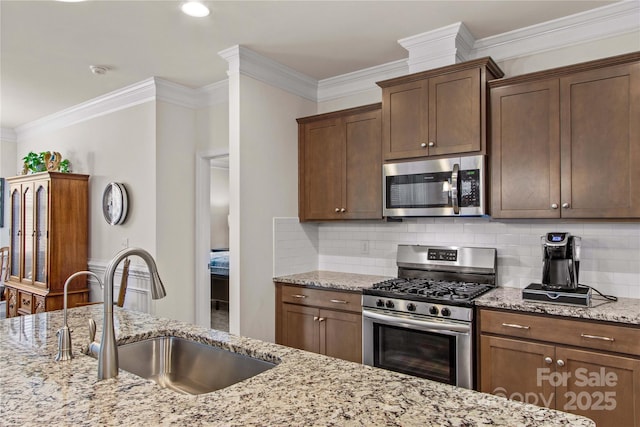 117 Cup Chase Dr, Mooresville, NC 28115 - kitchen featuring stainless steel appliances, crown molding, decorative backsplash, and light stone counters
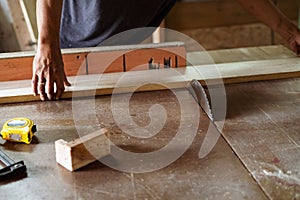 A man cuts wood on a circular saw in a carpenter workshop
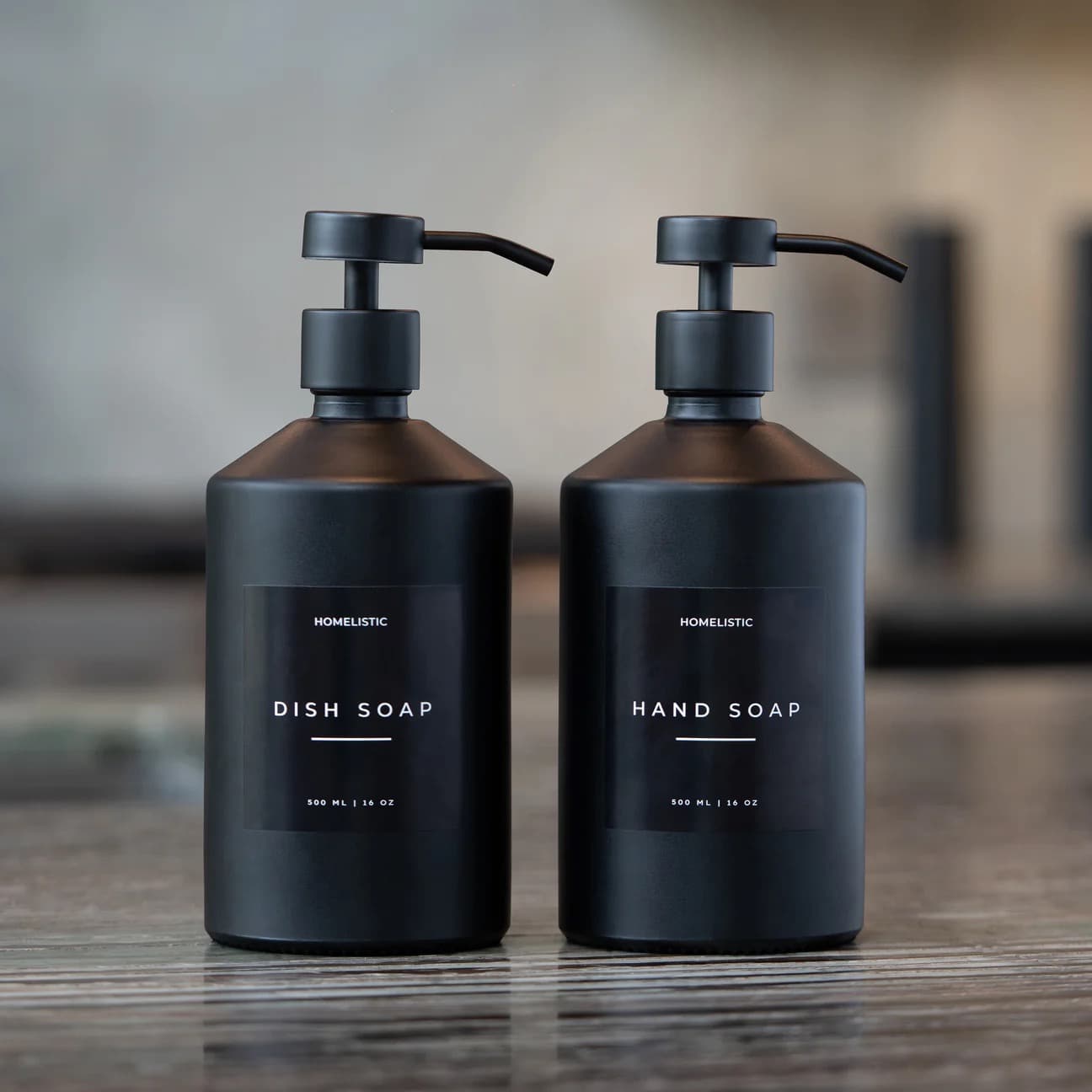 Two matte-black Homelistic dispensers in the wordmark label system — dish soap and hand soap, 500 ml / 16 oz — on a dark wooden surface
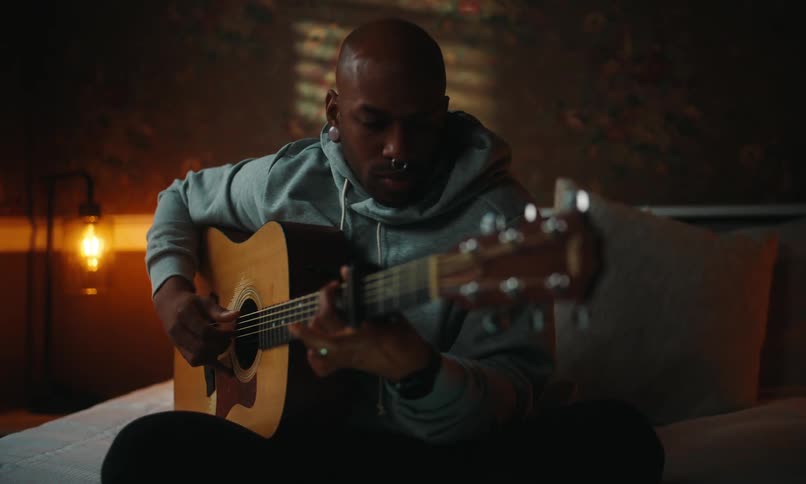 A man in a dark bedroom wearing a hoodie uses a tablet then plays music on acoustic guitar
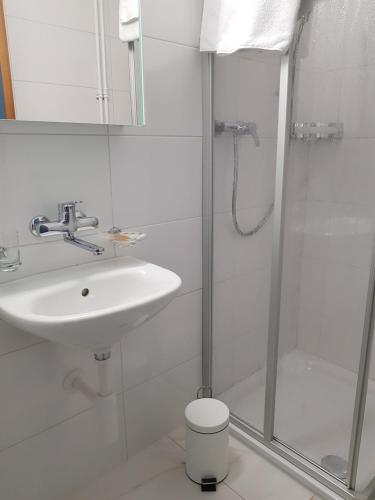 a white bathroom with a sink and a shower at Hotel Elite in St. Gallen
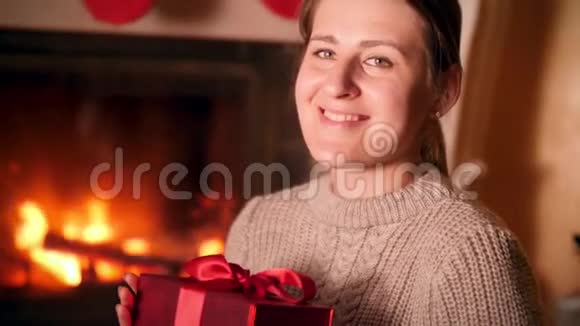 微笑的年轻女子在客厅里拿着红色礼品盒和燃烧的壁炉的画像视频的预览图
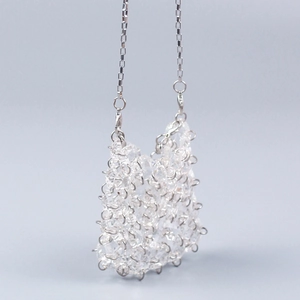 Close-up of clear acrylic crystal beaded mini bag with silver box chain and faceted beads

────

#### [DESCRIPTION OF THE TASK]
Your task is to quote exactly the lines from the one with "微笑的年轻女子在客厅里拿着红色礼品盒和燃烧的壁炉的画像视频的预览图" through the end of the material, both included, without reproducing any pictures.

#### [SOLUTION]
 微笑的年轻女子在客厅里拿着红色礼品盒和燃烧的壁炉的画像视频的预览图
 Close-up of clear acrylic crystal beaded mini bag with silver box chain and faceted beads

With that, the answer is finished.